Data →
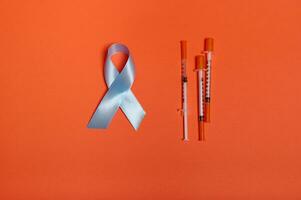 médico concepto 14 para noviembre. plano laico de insulina jeringas y azul satín cinta, simbólico arco color de mundo diabetes conciencia día, aislado terminado naranja de colores antecedentes con Copiar espacio para anuncio foto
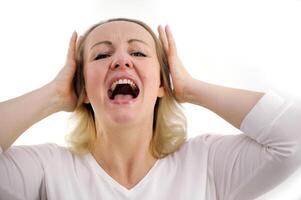 I do not want to hear it Closeup portrait of upset, tired woman screaming loud close eyes embracing her had by hands isolated on gray background photo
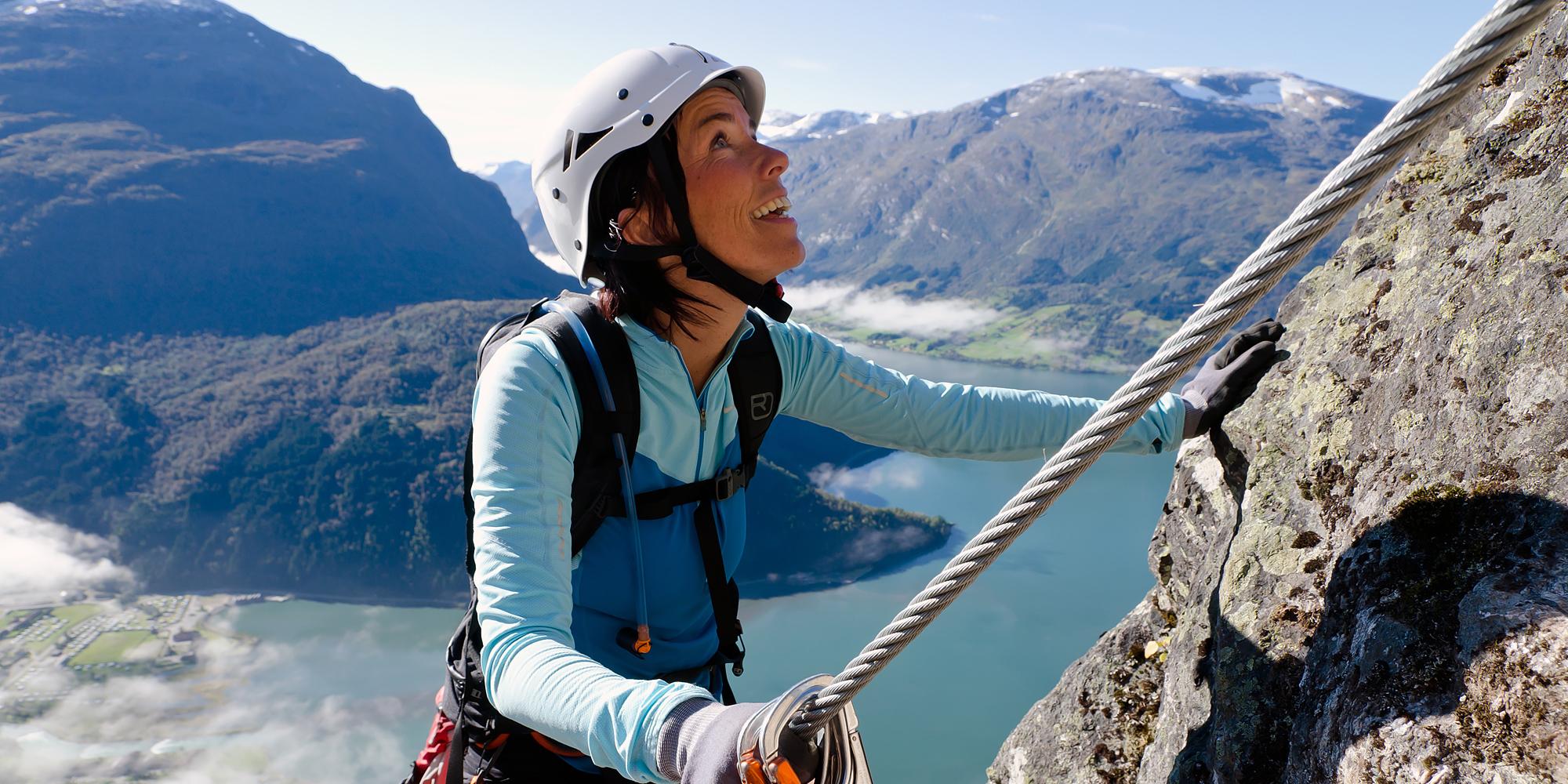 A woman climbing a mountainside on a sunny day in Loen in Fjord Norway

Work item → Every line above should be returned word for word, with the pictures left behind.

Answer below →
 médico concepto 14 para noviembre. plano laico de insulina jeringas y azul satín cinta, simbólico arco color de mundo diabetes conciencia día, aislado terminado naranja de colores antecedentes con Copiar espacio para anuncio foto
 I do not want to hear it Closeup portrait of upset, tired woman screaming loud close eyes embracing her had by hands isolated on gray background photo
 A woman climbing a mountainside on a sunny day in Loen in Fjord Norway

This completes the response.